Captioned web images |
+++

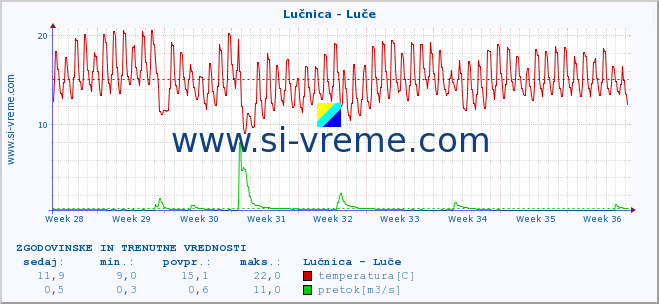 POVPREČJE :: Lučnica - Luče :: temperatura | pretok | višina :: zadnja dva meseca / 2 uri.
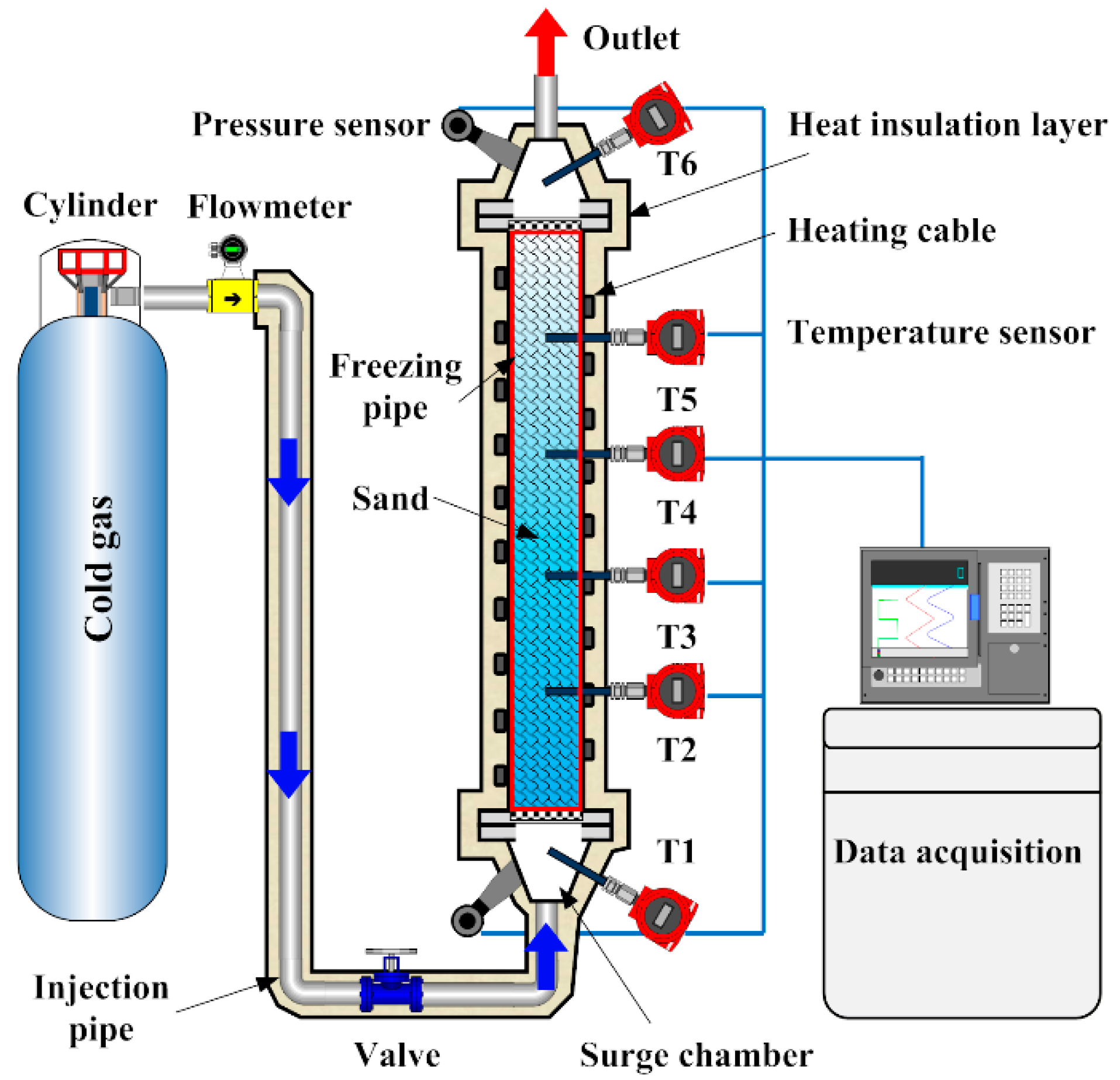 Applsci 10 06055 g002 Applsci 10 06055 g002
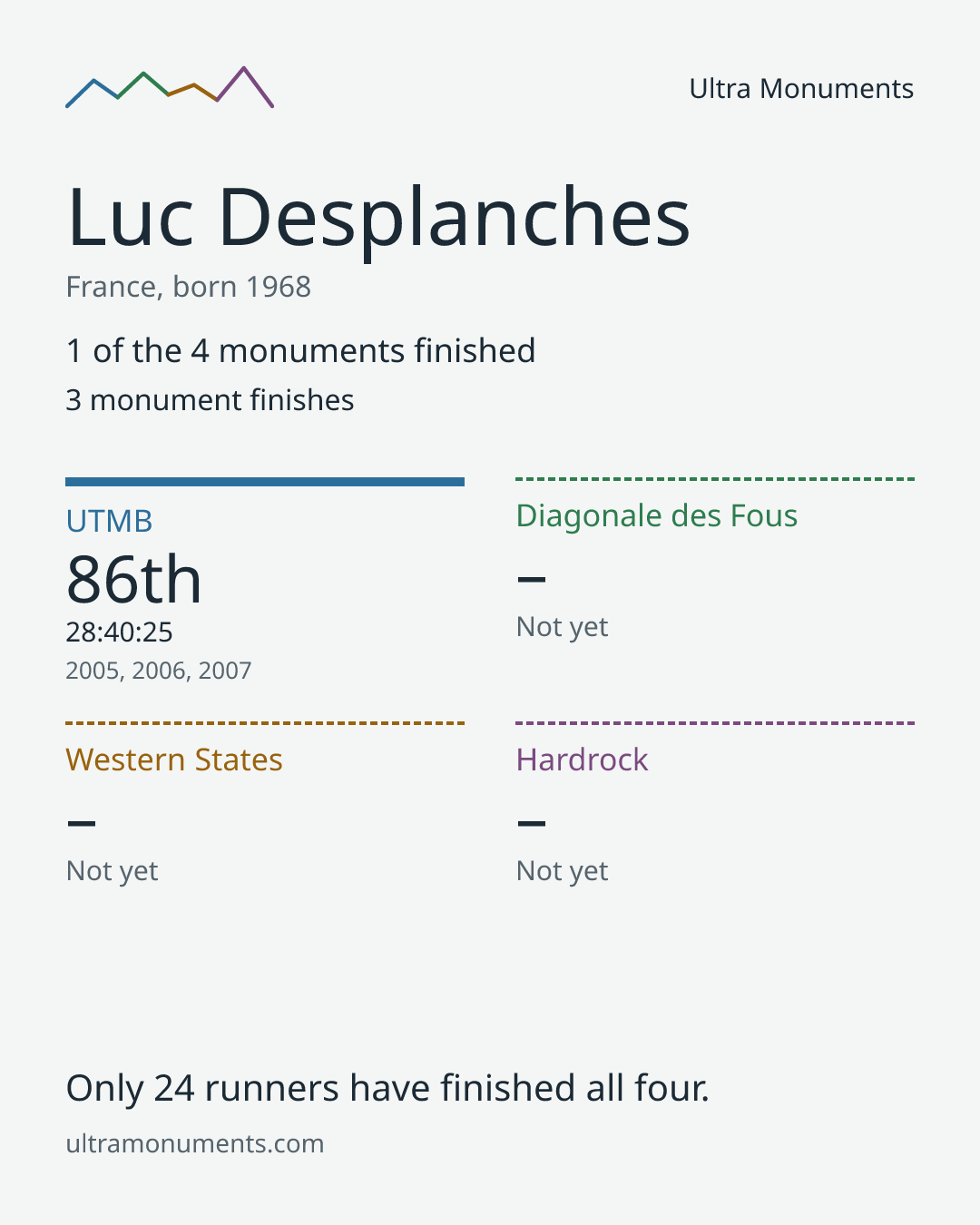 Results card for Luc Desplanches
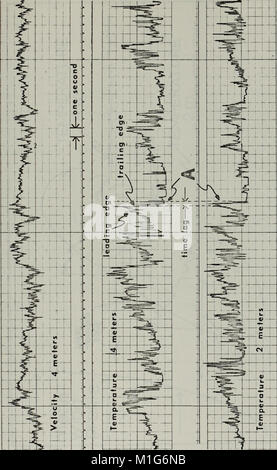 Analyse von Temperatur und Geschwindigkeit Schwankungen in der atmosphärischen Grenzschicht. (1971) (18165835952) Stockfoto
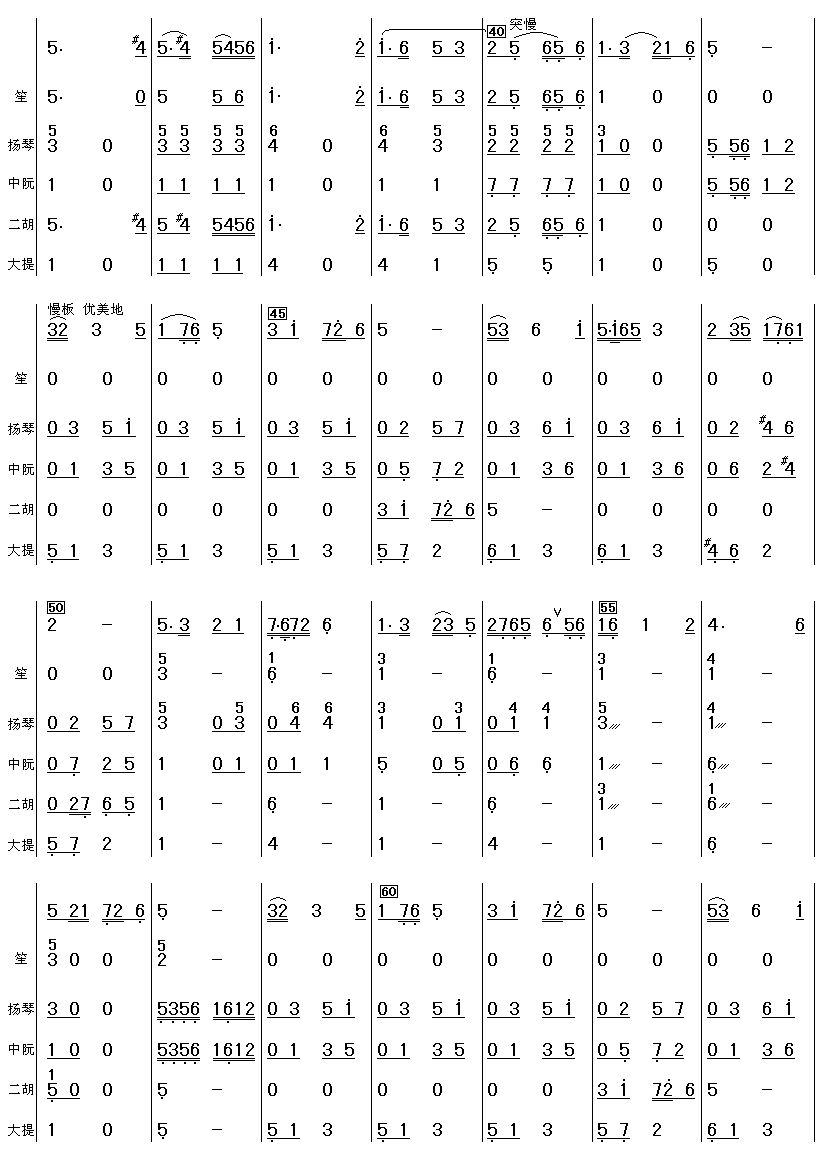 沂河欢歌(笛子独奏总谱)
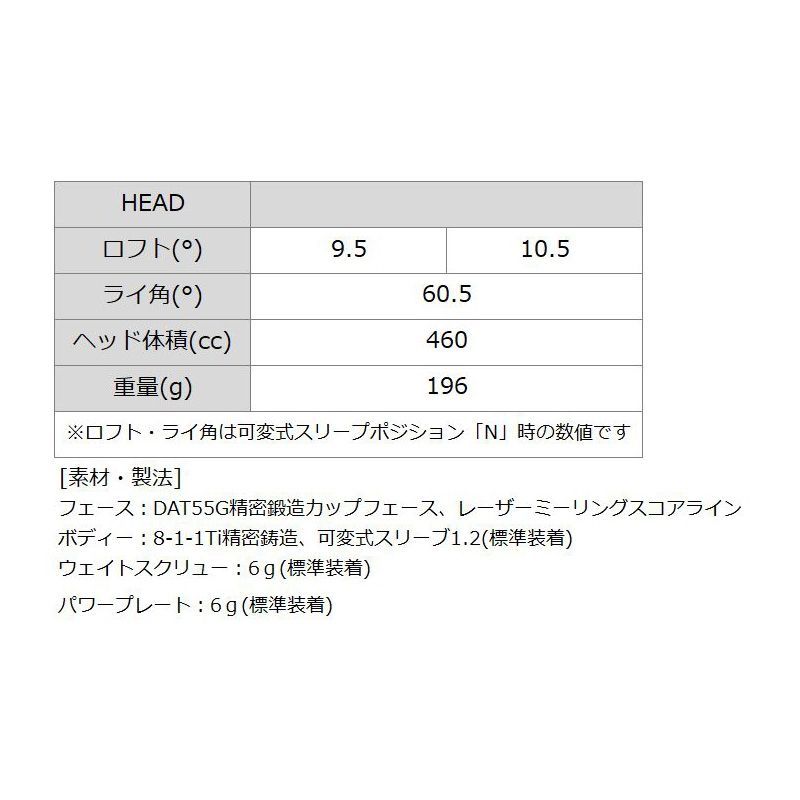 ロフト選択可】バルド 2023 スカイ ドライブ Ver.2 ドライバー 可変式 ヘッドのみ SKY DRIVE Ver.2 DRIVER ヘッド単体  地クラブ 新品【BALDO正規販売店】 - メルカリ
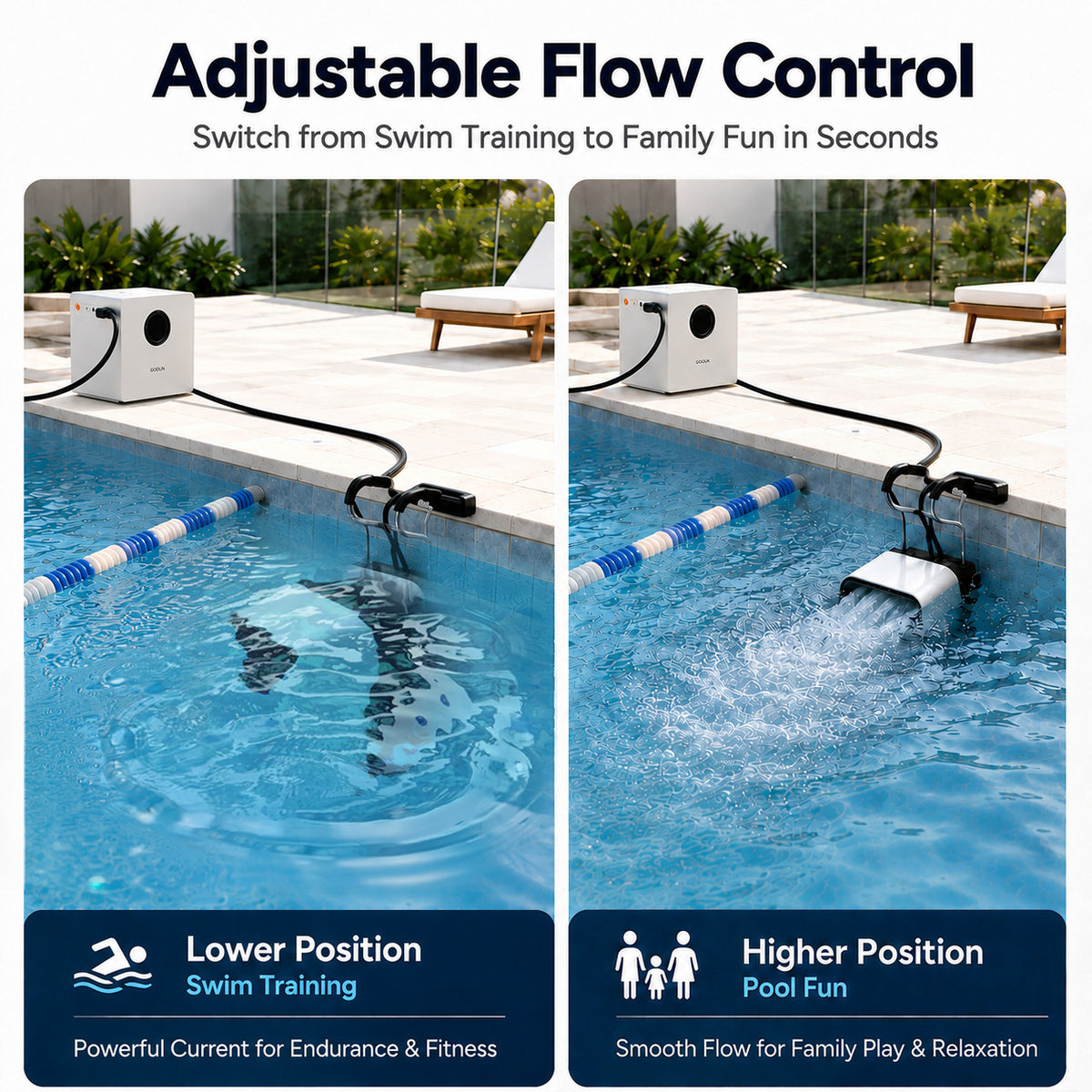 iGarden Portable Swim Jet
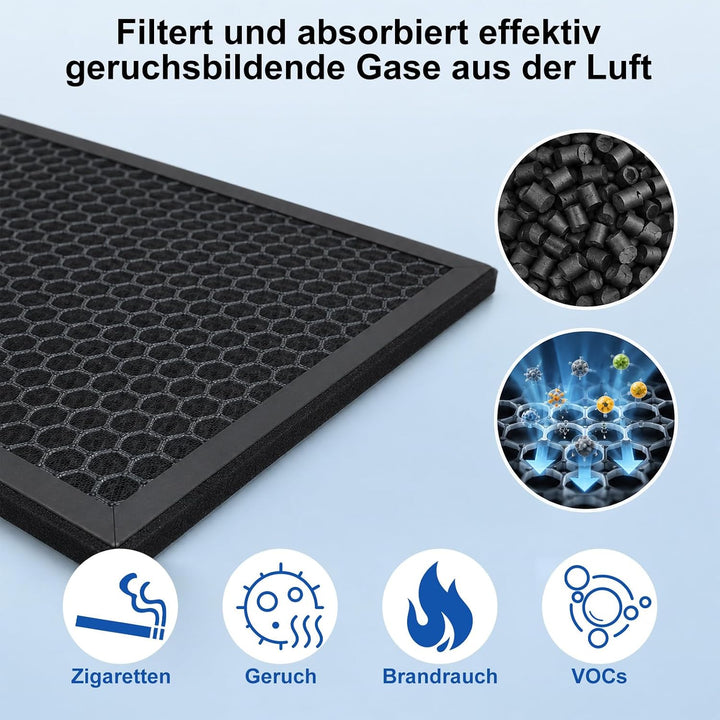 FY2420/30 Filter Kompatibel mit Philips AC2882, AC2887, AC2889 &amp; AC3829, Serie 2000 und 3000, Ersetz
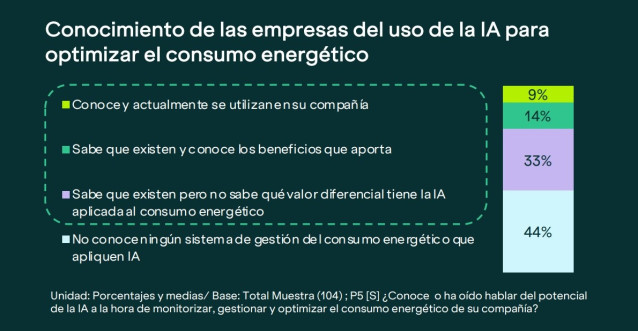 Datos del estudio sobre expectativas, penetración y contribución de la inteligencia artificial en la gestión de la energía en grandes empresas, elaborado por GFK para Smarkia.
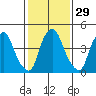 Hope Creek tide chart for Monday, January 29, 2024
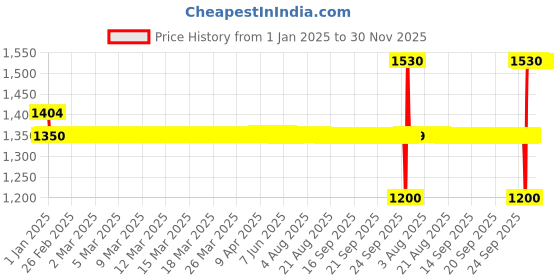 moglix.com SKF 12x32x14mm Single Row Deep Groove Ball Bearing, 62201-2RS1 skf Price History Graph from 1 Jan 2025 to 29 Nov 2025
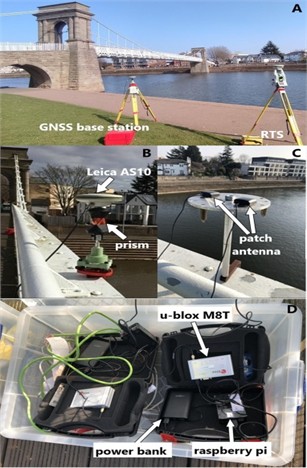 a) The geodetic-grade GNSS stations and b) virtual simulation of pedestrian vibrating loads generated by “FigureLab AI” software licensed by authors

+++

Set down, exactly as written, each line from the one that contains "Hope Creek tide" to the last line of the records, but none of the pictures.

Finished exercise |
 Hope Creek tide chart for Monday, January 29, 2024
 moglix.com SKF 12x32x14mm Single Row Deep Groove Ball Bearing, 62201-2RS1 skf Price History Graph from 1 Jan 2025 to 29 Nov 2025
 a) The geodetic-grade GNSS stations and b) virtual simulation of pedestrian vibrating loads generated by “FigureLab AI” software licensed by authors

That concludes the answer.